Riportare il nucleare in Italia: è questo l’obiettivo della piattaforma nazionale per un nucleare sostenibile che si è riunita oggi per la prima volta. L’incontro si è tenuto al Mase, il ministero per l’Ambiente e la Sicurezza energetica ed è stato presieduto dal ministro dell’Ambiente Pichetto Fratin, che ha presentato la road map: 6 mesi per elaborare le proposte, 9 per le linee guida il percorso finalizzato alla ripresa dell’utilizzo dell’energia nucleare in Italia.
Nessuna incongruenza con le decisioni prese in passato: “si tratta di un superamento del referendum – ha detto Fratin -parliamo di nuove tecnologie sicure e di reattori di quarta generazione per un nucleare sostenibile”. La tecnologia a cui si riferisce Fratin al momento però è ancora allo studio, e i tempi di realizzazione di nuove centrali in Italia sarebbero molto lunghi: si parla di 10, 15 anche 20 anni per poter avere un impianto in grado di produrre energia. Ma i problemi legati al nucleare in Italia sono anche altri.
Sentiamo Nicola Armaroli, dirigente di ricerca del Cnr

Per la scienza dunque le proposte del governo, lo avete sentito, sono solo propaganda. Si tratta di una propaganda però che ha degli obiettivi precisi: rimandare la fine dello sfruttamento dei combustibili fossili, e contemporaneamente bloccare l’uso di energie rinnovabili: l’esecutivo sta infatti rimandando l’approvazione di decreti attuativi che permetterebbero un maggior sfruttamento delle fonti pulite.

Mattarella su migranti e inclusione: “Le regole di Dublino sono preistoria”

(di Anna Bredice)

“Le regole di Dublino sono preistoria”. Sergio Mattarella torna nuovamente a parlare di immigrazione e se qualche giorno fa parlando degli studenti stranieri in Italia ha fatto un appello all’inclusione, proprio mentre il governo annunciava di creare dei centri di detenzione, di fatto, oggi insieme al Presidente tedesco Steinmeier ha voluto lanciare un messaggio soprattutto all’Europa, e alla Germania in particolare, a cui chiede di non voltarsi dall’altra parte in sostanza, perché “il fenomeno migratorio ha una dimensione globale e non può essere affrontato con superficialità e approssimazione. Ci vogliono soluzioni nuove e maggiore coraggio”. Così il Capo dello Stato e sembra fare un riferimento alle scelte del governo italiano, che non guardano molto al futuro, ma a bloccare invece, a chiudere nei centri i migranti.
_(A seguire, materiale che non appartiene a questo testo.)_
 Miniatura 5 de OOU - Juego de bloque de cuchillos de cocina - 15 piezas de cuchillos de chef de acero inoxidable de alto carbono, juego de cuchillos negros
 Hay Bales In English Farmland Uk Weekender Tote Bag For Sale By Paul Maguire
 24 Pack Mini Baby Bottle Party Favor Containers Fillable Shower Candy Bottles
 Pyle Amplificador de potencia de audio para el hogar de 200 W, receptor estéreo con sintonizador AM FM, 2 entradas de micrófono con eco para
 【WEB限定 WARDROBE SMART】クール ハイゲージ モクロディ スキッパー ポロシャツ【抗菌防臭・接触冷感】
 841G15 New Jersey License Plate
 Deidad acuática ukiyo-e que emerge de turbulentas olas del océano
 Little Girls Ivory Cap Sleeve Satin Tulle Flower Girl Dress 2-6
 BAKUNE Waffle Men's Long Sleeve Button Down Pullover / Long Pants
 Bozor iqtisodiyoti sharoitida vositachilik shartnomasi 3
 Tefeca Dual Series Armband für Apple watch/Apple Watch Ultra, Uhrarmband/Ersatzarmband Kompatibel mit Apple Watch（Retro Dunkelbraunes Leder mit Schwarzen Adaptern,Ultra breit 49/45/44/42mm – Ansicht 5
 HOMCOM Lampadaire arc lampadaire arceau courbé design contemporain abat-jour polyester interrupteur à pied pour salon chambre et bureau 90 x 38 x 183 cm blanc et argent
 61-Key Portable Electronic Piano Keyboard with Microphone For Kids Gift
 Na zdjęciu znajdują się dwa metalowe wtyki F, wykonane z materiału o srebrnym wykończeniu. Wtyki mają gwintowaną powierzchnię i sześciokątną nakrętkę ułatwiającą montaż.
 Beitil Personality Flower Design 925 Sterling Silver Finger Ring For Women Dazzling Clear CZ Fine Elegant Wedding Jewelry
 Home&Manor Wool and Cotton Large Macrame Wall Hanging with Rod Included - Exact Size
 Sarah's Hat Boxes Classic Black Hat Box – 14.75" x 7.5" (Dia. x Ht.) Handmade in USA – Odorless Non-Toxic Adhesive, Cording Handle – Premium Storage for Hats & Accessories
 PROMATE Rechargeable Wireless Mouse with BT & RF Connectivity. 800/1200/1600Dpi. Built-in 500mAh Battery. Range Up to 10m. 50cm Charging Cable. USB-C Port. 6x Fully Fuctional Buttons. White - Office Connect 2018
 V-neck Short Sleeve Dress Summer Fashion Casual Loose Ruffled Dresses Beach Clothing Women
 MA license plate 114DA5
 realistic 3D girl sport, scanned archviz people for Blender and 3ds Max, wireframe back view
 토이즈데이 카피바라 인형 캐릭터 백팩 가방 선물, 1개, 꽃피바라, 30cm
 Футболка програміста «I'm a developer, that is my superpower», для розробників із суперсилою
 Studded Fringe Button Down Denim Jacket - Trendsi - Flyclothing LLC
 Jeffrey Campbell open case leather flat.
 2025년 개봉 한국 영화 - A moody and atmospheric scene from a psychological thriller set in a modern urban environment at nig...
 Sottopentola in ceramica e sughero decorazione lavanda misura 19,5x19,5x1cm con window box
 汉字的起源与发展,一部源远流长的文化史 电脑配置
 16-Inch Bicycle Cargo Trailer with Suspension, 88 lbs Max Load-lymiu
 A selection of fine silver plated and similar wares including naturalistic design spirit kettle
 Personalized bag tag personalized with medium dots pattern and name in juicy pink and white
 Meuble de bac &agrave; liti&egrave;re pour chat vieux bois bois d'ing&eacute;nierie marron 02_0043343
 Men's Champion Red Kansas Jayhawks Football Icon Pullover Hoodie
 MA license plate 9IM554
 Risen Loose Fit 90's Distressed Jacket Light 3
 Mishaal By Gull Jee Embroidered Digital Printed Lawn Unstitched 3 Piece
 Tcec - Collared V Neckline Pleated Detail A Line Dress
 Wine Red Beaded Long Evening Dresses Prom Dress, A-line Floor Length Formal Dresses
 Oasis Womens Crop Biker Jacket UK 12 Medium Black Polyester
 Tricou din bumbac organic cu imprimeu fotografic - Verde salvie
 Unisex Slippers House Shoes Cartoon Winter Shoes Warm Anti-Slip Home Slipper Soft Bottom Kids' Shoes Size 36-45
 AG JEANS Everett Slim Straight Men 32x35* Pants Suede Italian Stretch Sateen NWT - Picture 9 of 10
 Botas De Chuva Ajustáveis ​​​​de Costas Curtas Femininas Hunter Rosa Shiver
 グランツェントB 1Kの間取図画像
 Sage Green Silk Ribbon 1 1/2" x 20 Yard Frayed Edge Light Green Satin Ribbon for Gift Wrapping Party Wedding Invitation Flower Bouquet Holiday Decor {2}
Il ministro Piantedosi oggi ha detto che il 50 per cento dei migranti che è stato nei centri è stato rimpatriato. Ma le nuove strutture stanno facendo litigare già i governatori, di destra e di sinistra, accomunati dal fatto che nessuno vuole le proteste della popolazione in strada contro i centri. I presidenti che appartengono all’attuale maggioranza e che non possono sbattere la porta in faccia a Giorgia Meloni, si appellano ad una necessaria collaborazione con le regioni che al momento però non risulta scritta da nessuna parte. Affidare la costruzione dei centri all’esercito, vuol dire uscire dal campo di una semplice trattativa governo enti locali. Oggi Piantedosi ha incontrato il presidente di centrodestra del Molise, eletto da poco. “Qualora verranno costruiti nel Molise, il governo sentirà la regione”, ha assicurato il presidente, ma sembra più un auspicio che una certezza. Sono dodici le regioni senza un centro per il rimpatrio, tra queste l’Emilia Romagna, la Toscana, l’Abruzzo e il Molise. Domani il ministro dell’Interno incontrerà Bonaccini per discutere di immigrazione e quindi di un possibile nuovo Cpr.

Altri rimbrotti per il governo Meloni

(di Claudio Jampaglia)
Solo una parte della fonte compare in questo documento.